▶ _Problem description_: All entries are to be transcribed exactly. Pictures are not part of the copy.

Captioned web image data
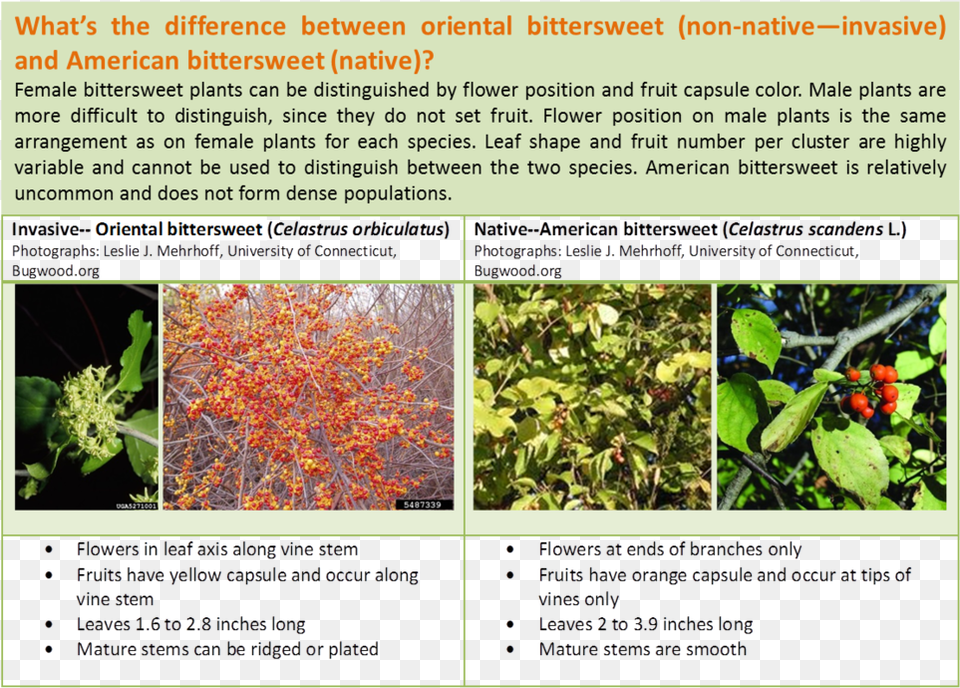 Click Here For More Detailed Information On The Differences Tree, Berry, Blueberry, Food, Fruit Png
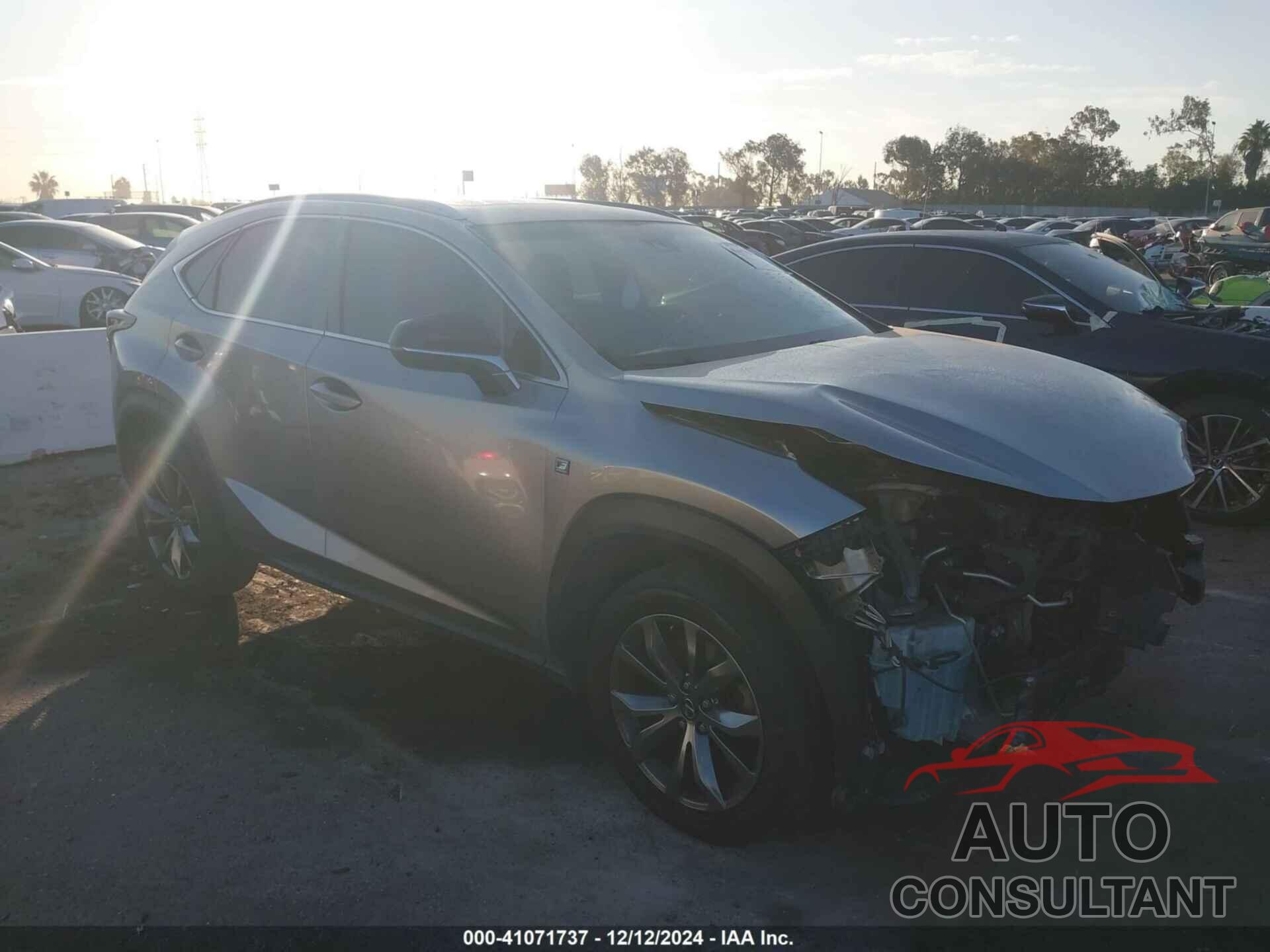 LEXUS NX 300 2019 - JTJYARBZ8K2138230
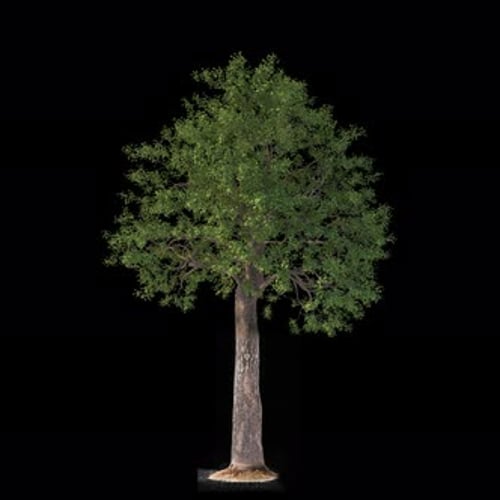 Tree Loop With Alpha Channel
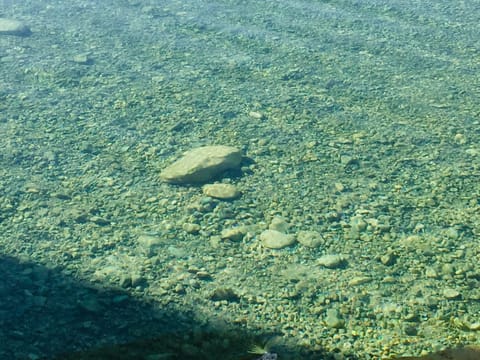 Beautiful, clear water of the Nueces River.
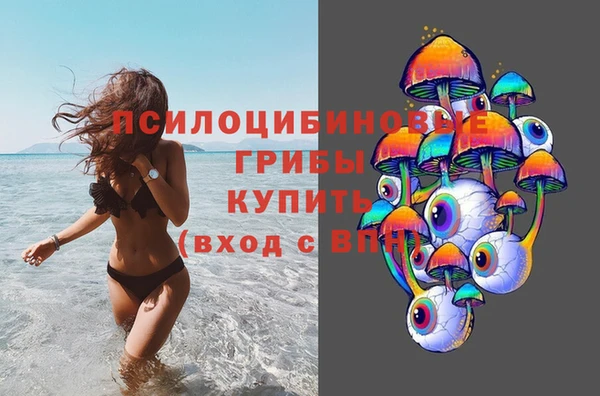 дурь Богданович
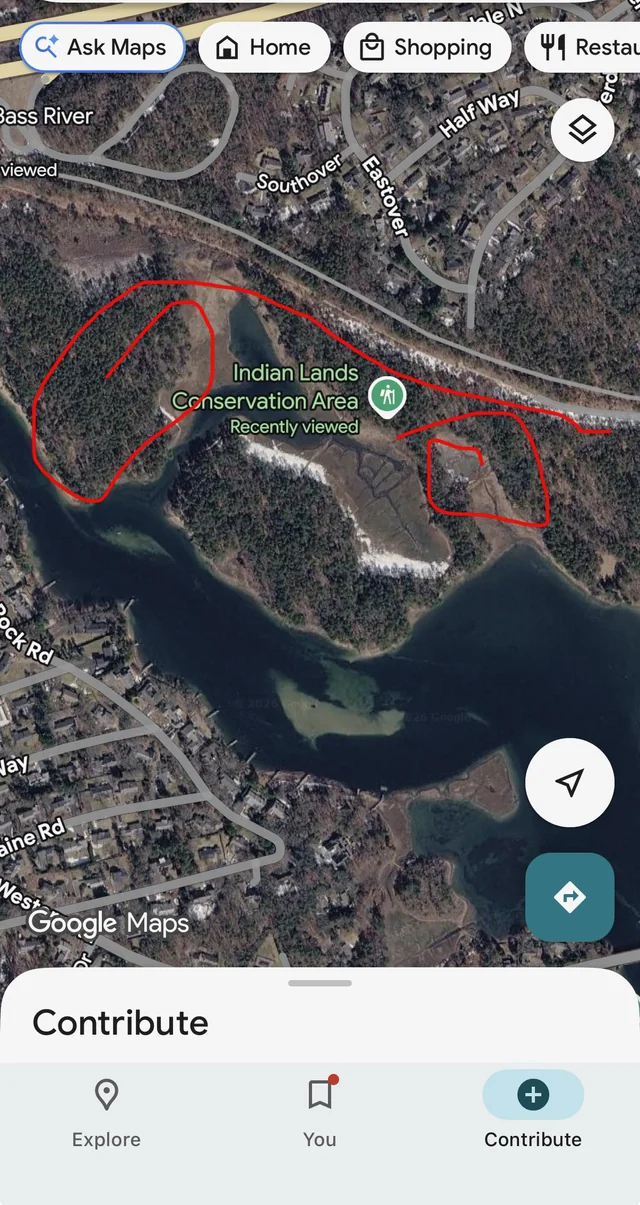 Lost Ring in Dennis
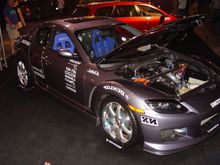 DSC04350.jpg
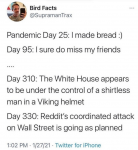 pandemic days.png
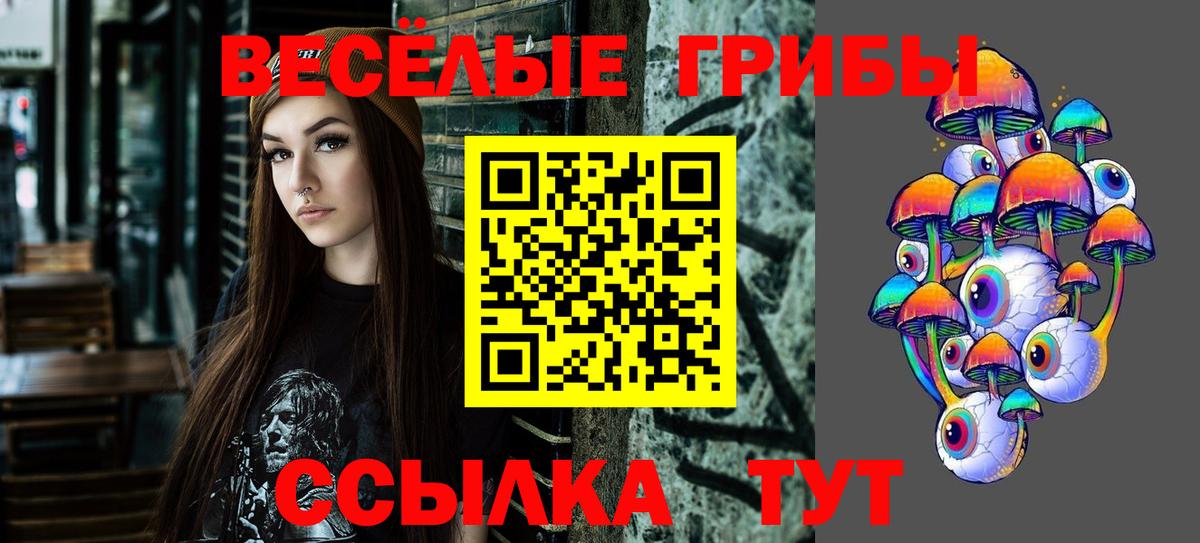 Галлюциногенные грибы GOLDEN TEACHER  Псилоцибиновые грибы ЛСД  Большой Камень  Вход с VPN 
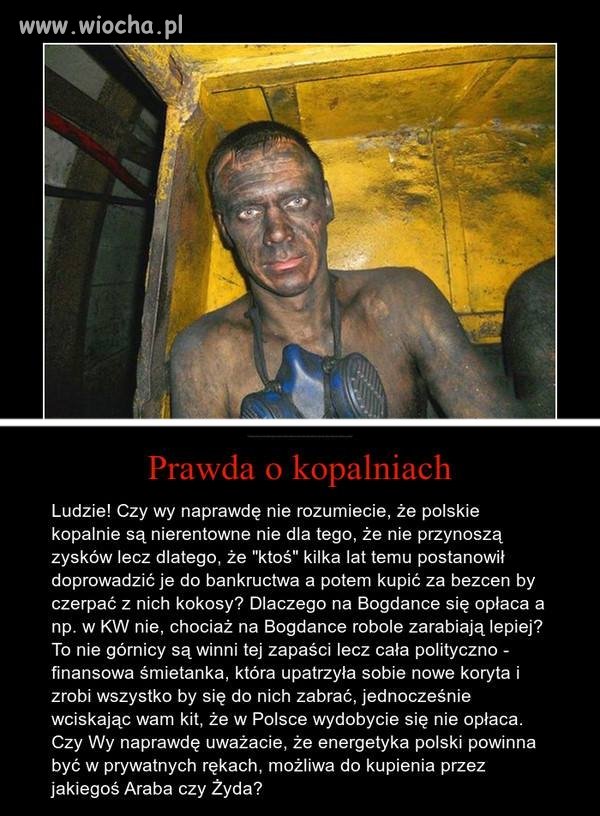 Pis z solidarnością nie będą strzelać jak za PO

▶ _Result_:
 Click Here For More Detailed Information On The Differences Tree, Berry, Blueberry, Food, Fruit Png
 LEXUS NX 300 2019 - JTJYARBZ8K2138230
 Tree Loop With Alpha Channel
 Beautiful, clear water of the Nueces River.
 дурь Богданович
 Lost Ring in Dennis
 DSC04350.jpg
 pandemic days.png
 Галлюциногенные грибы GOLDEN TEACHER  Псилоцибиновые грибы ЛСД  Большой Камень  Вход с VPN 
 Pis z solidarnością nie będą strzelać jak za PO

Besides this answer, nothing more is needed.